Fuite après une pose de salle de bain : RC Pro ou garantie décennale ?
Quand un magasin de salle de bain pose robinetterie et sanitaires, une fuite tardive peut basculer du simple incident contractuel à l'engagement décennal.
- Dès que vous posez un receveur, une douche à l'italienne ou un raccordement encastré, vous pouvez être qualifié de constructeur et exposé à la garantie décennale.
- Une fuite sur un raccord apparent ou un joint relève en général de votre RC Pro ou de la garantie de parfait achèvement, pas de la décennale.
- Le critère décisif est l'impropriété à destination : une pièce d'eau inutilisable à cause de l'humidité fait basculer le sinistre en décennal.
- Si vous proposez la pose, vérifiez que votre RC Pro intègre bien le volet travaux et que la décennale est souscrite pour les ouvrages d'étanchéité concernés.

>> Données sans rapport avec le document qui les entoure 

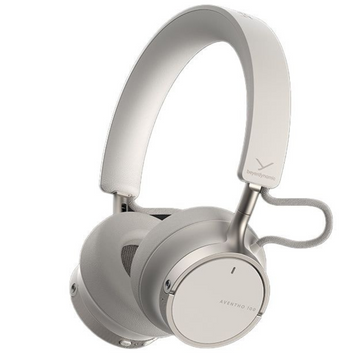 Silver headphones on a white background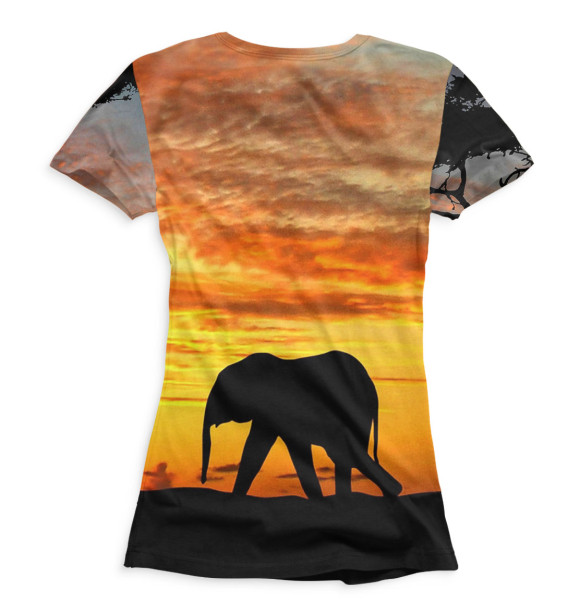 Женская футболка с изображением Слоны цвета Белый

Vendre est un métier, poser en est un autre
Un magasin de salle de bain qui se contente de vendre des sanitaires, de la robinetterie et du carrelage assume une responsabilité de commerçant : garantie des produits, devoir de conseil, conformité de la livraison. Le jour où vous proposez aussi la pose ou la coordination d'un poseur partenaire, vous changez de monde juridique. Vous devenez intervenant sur un ouvrage, et le droit français applique alors aux travaux du bâtiment un régime spécifique, souvent méconnu des commerces qui ont étoffé leur offre par un service d'installation.
Cette zone grise est précisément celle où naissent les litiges les plus coûteux. Le client qui découvre une auréole d'humidité dans la pièce sous sa nouvelle salle de bain ne se demande pas si vous étiez vendeur ou poseur : il se retourne contre l'enseigne qui a tout fait. La vraie question, celle qui détermine quelle assurance paie et pour combien de temps vous restez engagé, est la suivante : la fuite relève-t-elle de votre responsabilité contractuelle ordinaire, ou engage-t-elle votre garantie décennale ?
Les trois régimes qui peuvent s'appliquer à une fuite
Après une installation, un désordre lié à l'eau peut relever de trois fondements juridiques distincts, qui ne se déclenchent ni au même moment ni dans les mêmes conditions :
- La garantie de parfait achèvement (1 an) : prévue à l'article 1792-6 du Code civil, elle couvre tous les désordres signalés dans l'année qui suit la réception des travaux. Un joint mal serré, un flexible qui suinte, un raccord à reprendre relèvent typiquement de cette obligation de reprise à votre charge.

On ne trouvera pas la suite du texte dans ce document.